An exact copy of the listing below is required, minus its pictures.

- [Recorded information]:
┄┄┄┄┄┄┄┄┄┄┄┄┄┄┄┄┄┄┄┄

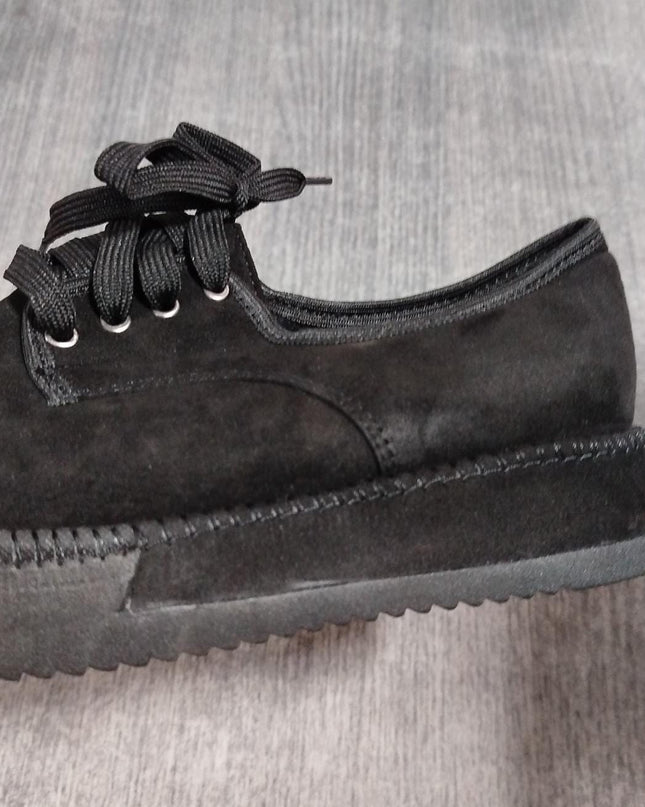 Zapatilla Matsue - Negro Total 35 (Yayita)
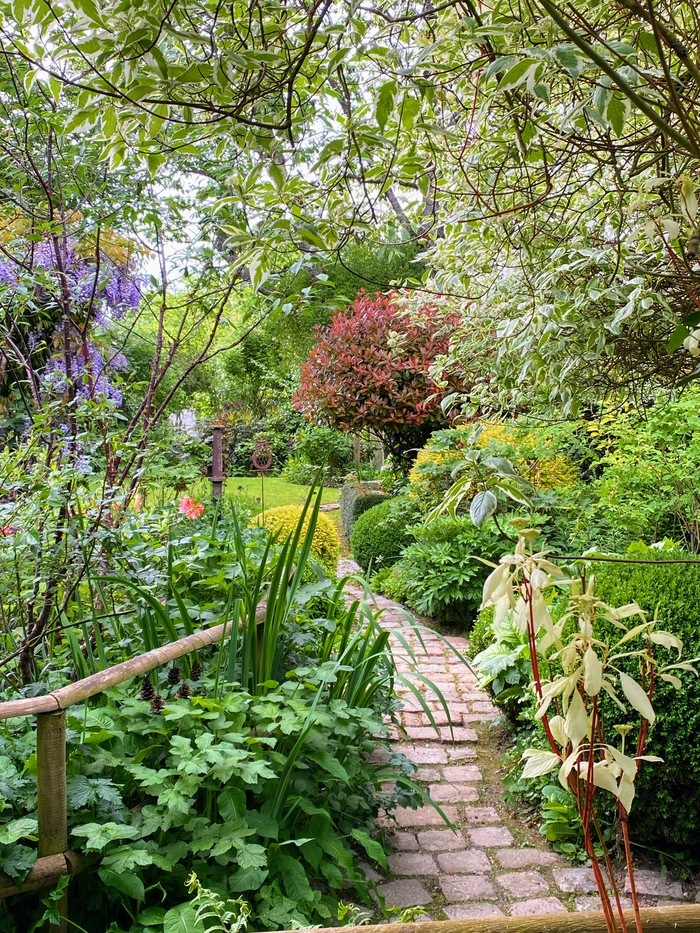 Visite libre du jardin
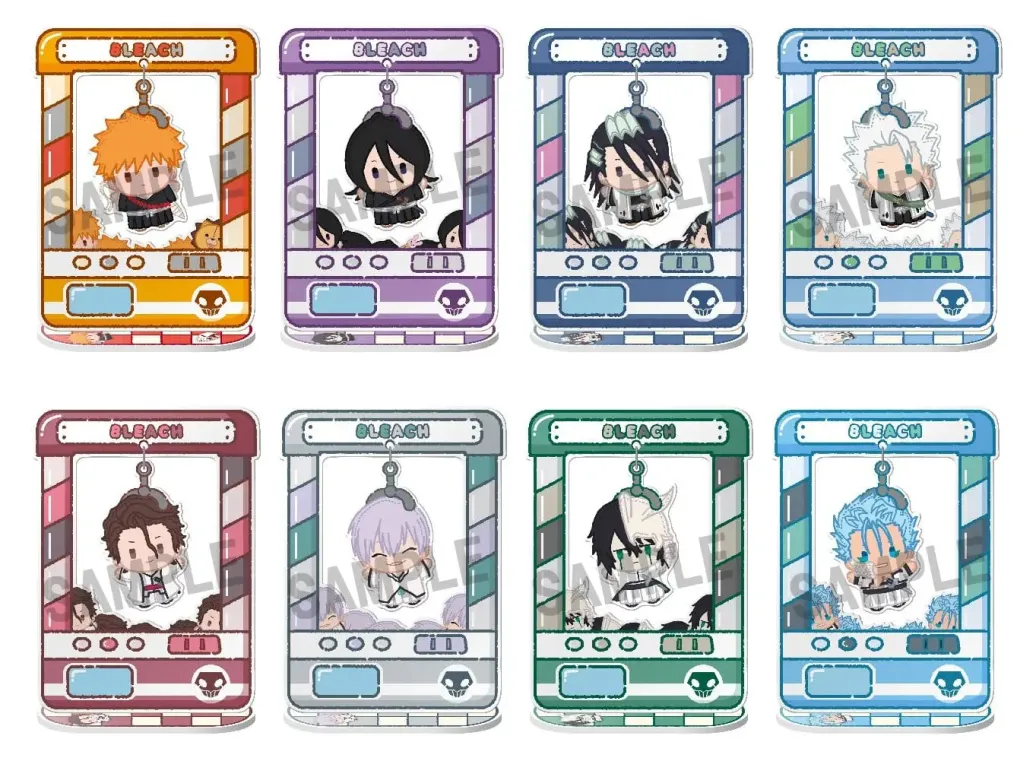 Bleach TV Anime Acryl-Figuren 9 cm Blind Box Display (8)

┄┄┄┄┄┄┄┄┄┄┄┄┄┄┄┄┄┄┄┄

- [Answer section]:
 Zapatilla Matsue - Negro Total 35 (Yayita)
 Visite libre du jardin
 Bleach TV Anime Acryl-Figuren 9 cm Blind Box Display (8)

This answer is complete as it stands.